**Exercise instructions**
When you reach the line containing "2409 Madeira Cir, Waxhaw, NC 28173" in the records below, start copying exactly, and stop once you have copied the line containing "一個拿著三星Galaxy手機的人".

Stored records:
☆ ☆ ☆ ☆ ☆ ☆ ☆

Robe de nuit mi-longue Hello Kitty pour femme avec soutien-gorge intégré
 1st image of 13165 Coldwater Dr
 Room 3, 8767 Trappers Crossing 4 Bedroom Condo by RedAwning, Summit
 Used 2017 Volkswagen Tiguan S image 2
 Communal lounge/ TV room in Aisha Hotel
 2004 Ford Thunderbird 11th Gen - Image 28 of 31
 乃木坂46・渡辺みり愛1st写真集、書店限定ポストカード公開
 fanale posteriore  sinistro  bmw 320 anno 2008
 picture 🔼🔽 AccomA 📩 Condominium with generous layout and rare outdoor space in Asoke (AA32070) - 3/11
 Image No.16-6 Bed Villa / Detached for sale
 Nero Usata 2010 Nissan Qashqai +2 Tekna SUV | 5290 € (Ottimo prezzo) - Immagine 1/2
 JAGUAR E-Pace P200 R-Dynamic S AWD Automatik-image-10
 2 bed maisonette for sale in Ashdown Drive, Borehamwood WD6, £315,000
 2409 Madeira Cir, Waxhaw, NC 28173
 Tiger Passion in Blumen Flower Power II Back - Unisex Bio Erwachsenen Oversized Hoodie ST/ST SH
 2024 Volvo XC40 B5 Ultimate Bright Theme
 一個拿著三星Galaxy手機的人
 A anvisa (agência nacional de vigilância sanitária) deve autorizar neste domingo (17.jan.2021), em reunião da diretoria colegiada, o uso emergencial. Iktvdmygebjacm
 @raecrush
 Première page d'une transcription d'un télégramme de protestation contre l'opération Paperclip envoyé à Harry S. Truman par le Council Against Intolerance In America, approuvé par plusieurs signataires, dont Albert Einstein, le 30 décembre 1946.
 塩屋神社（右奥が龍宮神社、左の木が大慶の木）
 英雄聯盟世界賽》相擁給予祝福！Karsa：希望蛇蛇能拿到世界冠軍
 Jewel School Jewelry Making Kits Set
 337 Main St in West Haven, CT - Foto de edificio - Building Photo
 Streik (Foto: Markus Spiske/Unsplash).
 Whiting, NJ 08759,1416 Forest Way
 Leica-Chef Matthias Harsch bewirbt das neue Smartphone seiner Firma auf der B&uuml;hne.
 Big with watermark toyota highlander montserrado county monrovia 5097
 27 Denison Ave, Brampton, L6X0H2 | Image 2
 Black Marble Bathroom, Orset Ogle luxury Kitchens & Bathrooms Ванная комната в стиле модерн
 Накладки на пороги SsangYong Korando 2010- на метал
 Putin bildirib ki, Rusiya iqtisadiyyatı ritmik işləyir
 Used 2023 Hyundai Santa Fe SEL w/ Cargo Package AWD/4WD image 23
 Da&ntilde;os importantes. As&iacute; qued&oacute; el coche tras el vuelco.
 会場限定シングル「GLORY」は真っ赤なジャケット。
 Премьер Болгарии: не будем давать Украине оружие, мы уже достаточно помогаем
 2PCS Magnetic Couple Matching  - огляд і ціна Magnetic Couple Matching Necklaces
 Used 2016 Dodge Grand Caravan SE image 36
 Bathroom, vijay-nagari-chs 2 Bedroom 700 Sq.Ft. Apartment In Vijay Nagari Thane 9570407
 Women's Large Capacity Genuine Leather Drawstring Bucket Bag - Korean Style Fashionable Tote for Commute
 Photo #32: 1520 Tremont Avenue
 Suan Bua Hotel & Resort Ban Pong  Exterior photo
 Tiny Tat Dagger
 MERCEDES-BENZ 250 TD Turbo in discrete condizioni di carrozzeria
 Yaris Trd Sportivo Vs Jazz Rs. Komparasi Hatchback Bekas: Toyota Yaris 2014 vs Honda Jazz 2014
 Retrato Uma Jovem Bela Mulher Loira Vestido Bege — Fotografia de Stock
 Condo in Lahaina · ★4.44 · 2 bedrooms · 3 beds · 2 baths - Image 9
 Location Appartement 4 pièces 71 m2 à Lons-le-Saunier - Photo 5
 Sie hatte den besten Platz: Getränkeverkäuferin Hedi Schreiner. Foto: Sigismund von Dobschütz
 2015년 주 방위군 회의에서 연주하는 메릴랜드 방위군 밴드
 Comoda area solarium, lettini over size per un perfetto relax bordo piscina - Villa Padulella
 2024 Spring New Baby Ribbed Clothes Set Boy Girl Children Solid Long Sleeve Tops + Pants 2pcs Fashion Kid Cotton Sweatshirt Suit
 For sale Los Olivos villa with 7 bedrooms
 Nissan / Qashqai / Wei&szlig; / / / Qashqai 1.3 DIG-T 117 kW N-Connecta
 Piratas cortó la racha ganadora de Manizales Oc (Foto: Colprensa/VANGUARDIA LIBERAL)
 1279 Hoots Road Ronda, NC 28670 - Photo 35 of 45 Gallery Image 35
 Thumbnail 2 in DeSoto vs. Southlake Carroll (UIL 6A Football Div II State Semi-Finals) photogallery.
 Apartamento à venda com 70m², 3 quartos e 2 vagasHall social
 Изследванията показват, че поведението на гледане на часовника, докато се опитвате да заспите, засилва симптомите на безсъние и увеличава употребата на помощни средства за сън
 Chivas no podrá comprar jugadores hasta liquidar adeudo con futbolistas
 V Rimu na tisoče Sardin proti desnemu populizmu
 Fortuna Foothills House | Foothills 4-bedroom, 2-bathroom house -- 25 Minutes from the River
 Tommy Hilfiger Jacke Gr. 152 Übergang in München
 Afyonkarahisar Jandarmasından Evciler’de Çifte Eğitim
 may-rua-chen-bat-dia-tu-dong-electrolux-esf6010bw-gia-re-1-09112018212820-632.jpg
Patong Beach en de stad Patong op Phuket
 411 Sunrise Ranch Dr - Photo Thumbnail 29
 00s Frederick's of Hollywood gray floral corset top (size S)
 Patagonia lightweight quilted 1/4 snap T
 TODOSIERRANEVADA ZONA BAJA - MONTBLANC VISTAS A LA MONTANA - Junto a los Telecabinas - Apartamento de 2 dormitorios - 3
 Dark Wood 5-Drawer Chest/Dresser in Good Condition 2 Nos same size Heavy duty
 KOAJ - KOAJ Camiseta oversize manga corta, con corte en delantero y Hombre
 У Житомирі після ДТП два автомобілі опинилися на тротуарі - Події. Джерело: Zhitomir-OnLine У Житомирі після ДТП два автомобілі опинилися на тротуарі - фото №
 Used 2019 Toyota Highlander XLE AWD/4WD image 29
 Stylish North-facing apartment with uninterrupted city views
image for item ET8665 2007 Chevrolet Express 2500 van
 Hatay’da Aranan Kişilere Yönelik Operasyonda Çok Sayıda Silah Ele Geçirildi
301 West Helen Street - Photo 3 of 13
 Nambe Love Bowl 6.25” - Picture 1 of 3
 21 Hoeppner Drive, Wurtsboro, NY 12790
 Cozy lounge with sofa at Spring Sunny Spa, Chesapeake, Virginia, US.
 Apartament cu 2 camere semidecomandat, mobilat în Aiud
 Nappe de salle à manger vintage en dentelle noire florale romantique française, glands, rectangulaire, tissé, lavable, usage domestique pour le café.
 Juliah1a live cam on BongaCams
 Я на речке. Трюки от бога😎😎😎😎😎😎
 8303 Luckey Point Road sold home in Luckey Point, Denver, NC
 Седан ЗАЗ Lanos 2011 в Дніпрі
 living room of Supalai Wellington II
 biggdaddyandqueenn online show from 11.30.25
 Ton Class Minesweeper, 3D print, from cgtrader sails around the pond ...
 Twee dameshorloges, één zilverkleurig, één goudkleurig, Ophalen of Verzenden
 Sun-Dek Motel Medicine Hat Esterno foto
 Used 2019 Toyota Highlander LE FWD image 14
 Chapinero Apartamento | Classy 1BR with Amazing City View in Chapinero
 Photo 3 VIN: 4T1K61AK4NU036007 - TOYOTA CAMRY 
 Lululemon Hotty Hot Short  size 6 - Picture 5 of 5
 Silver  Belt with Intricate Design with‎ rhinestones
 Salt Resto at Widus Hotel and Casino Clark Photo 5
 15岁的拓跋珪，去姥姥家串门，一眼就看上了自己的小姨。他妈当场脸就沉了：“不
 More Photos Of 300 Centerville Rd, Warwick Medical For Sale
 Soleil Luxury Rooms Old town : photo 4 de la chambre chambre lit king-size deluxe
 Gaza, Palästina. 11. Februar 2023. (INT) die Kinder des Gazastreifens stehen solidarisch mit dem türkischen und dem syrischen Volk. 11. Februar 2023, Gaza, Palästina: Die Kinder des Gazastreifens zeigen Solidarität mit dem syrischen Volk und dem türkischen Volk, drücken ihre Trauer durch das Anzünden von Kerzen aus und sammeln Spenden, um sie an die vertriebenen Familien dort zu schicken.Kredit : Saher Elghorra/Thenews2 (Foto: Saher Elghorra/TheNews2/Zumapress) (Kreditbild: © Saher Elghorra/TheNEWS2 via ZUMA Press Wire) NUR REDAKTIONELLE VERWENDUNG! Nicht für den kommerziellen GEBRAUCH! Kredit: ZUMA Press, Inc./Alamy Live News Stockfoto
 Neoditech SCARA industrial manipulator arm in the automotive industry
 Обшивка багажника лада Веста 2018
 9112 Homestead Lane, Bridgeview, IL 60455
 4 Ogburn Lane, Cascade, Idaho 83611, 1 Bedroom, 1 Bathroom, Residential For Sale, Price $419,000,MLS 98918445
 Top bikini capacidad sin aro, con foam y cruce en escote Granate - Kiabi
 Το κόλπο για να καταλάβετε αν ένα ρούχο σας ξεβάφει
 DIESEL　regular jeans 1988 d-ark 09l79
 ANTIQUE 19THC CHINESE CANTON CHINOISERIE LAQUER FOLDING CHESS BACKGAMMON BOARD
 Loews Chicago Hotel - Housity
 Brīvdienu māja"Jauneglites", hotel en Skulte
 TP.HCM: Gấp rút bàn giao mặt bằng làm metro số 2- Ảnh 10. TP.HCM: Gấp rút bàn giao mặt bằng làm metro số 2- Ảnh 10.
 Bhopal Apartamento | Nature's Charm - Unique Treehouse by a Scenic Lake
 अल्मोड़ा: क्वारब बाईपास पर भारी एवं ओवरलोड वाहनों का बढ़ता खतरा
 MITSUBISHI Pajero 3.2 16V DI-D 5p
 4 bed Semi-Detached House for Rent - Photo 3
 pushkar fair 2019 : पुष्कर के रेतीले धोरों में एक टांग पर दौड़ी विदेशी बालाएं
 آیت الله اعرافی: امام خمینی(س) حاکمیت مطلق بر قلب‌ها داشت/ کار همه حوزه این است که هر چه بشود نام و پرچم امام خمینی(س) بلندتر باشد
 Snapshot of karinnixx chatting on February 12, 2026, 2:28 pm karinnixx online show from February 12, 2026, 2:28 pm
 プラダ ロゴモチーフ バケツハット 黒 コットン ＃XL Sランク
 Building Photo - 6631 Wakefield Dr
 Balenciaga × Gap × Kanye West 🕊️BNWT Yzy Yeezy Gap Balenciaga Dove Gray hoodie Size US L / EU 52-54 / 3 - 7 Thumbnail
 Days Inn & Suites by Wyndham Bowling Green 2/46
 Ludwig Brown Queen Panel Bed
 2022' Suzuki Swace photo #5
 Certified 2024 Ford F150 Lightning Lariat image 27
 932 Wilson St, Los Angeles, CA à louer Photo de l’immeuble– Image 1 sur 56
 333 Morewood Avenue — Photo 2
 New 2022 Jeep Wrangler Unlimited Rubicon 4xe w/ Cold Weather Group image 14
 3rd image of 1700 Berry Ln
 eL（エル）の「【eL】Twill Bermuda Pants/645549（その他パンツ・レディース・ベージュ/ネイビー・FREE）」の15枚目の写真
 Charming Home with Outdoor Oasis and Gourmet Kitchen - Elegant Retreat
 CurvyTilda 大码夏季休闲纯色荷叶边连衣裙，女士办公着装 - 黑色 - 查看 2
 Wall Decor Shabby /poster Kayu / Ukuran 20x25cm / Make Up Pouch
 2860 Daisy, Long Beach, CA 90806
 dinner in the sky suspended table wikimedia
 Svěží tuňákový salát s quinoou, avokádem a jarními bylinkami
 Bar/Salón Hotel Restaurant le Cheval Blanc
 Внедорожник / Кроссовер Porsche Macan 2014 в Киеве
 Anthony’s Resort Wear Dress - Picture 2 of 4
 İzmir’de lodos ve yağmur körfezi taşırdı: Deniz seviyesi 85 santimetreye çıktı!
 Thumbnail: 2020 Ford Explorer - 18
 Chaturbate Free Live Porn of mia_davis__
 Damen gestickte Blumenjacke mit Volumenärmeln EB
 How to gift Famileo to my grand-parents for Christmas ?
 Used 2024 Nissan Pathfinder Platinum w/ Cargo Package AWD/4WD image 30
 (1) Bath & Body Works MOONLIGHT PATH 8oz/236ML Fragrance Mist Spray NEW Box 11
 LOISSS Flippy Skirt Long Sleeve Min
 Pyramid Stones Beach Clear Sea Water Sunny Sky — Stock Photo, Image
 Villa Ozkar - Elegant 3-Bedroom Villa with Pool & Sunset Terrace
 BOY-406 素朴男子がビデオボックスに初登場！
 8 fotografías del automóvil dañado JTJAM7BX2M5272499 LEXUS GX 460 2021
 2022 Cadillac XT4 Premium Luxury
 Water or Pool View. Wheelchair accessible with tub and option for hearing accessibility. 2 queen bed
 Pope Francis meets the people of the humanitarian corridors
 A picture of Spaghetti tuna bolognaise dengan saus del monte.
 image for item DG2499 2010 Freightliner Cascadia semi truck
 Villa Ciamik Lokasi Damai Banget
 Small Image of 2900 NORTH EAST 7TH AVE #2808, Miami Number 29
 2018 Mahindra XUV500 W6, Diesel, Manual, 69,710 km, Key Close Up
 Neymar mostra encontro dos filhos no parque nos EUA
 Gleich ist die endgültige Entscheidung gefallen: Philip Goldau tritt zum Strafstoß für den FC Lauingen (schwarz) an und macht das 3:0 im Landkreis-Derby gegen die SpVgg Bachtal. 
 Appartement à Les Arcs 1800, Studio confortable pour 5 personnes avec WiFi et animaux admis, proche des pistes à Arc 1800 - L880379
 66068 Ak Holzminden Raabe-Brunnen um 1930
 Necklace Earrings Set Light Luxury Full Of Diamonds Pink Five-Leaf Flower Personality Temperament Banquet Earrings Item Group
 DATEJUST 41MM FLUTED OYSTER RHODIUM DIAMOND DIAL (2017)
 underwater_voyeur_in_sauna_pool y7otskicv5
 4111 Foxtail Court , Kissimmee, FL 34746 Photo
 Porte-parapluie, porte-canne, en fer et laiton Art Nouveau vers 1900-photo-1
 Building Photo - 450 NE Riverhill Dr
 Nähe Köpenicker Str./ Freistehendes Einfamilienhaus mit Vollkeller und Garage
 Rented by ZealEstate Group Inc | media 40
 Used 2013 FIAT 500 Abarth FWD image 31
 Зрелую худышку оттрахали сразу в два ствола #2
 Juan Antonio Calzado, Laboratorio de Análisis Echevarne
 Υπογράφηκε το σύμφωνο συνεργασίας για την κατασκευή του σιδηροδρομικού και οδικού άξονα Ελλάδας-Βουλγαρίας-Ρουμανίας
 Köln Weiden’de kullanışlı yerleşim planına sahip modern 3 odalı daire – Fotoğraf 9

☆ ☆ ☆ ☆ ☆ ☆ ☆

**Output of the exercise**
 2409 Madeira Cir, Waxhaw, NC 28173
 Tiger Passion in Blumen Flower Power II Back - Unisex Bio Erwachsenen Oversized Hoodie ST/ST SH
 2024 Volvo XC40 B5 Ultimate Bright Theme
 一個拿著三星Galaxy手機的人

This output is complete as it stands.